A Federal Hill woman seeking to become the first Baltimore resident with a wind turbine on her roof failed to win approval from city officials yesterday.
The effort by Marsha Vitow brought opposition from neighbors concerned about safety and aesthetics and confounded city officials, who work for a mayor with a "cleaner, greener" agenda but had to deal with the city codes now on the books. Vitow needed a variance to build above the 35-foot residential height limit but the law didn't allow for wind turbines.
"This will pave the way for a more progressive Baltimore," Vitow told the Board of Municipal and Zoning Appeals, which voted 4 to 1 against the turbine.
David Tanner, executive director of the board, said the members had a long debate but decided wind turbines were not a legal exception. Tanner said city officials would have to address the issue as they rewrite decades-old zoning law this year or pass separate legislation allowing the turbines.

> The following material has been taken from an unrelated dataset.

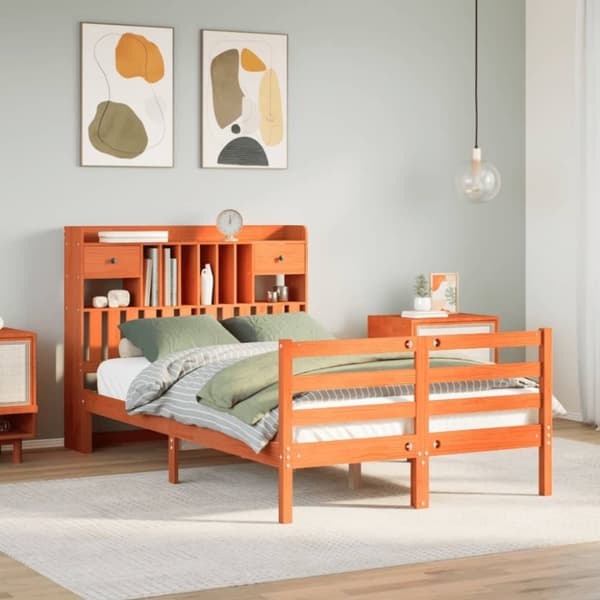 vidaXL Seng med bokhylle uten madrass voksbrun 135x190 cm heltre furu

Vitow's contractors at Green Solutions of Maryland had argued that the turbines were allowed under the law. They also said they hired engineers to ensure the 300-pound, 8-foot-tall vertical axis turbine would be secure on a 100-year-old house and could not be seen from the street. It would make little noise and generate 20 percent to 40 percent of the home's energy.

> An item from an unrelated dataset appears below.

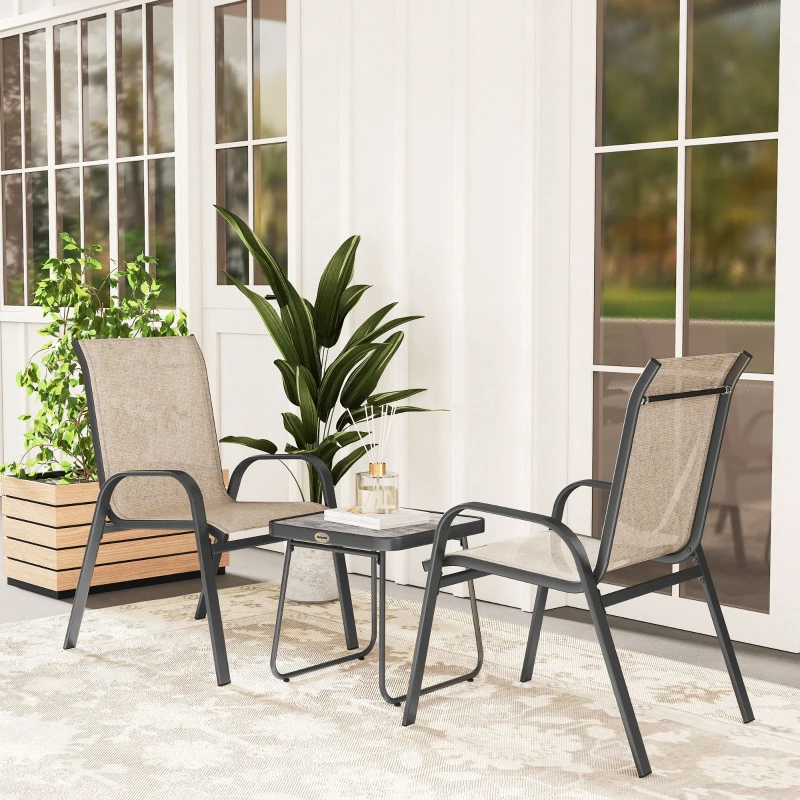 Outsunny Ensemble de jardin 3 pièces 2 chaises empilables et table carrée avec dossier haut revêtement en textilène marron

But Vitow's immediate neighbors, who consider themselves eco-conscious, said a turbine is not appropriate for the city. Cindy Flacks said she bought her house in part because of the roof deck and thought the turbine would ruin the view. Patrice Davidson said she was worried about damaging their joint wall.
Other cities around the country and rural counties in Maryland allow turbines. Baltimore and Anne Arundel counties are considering them.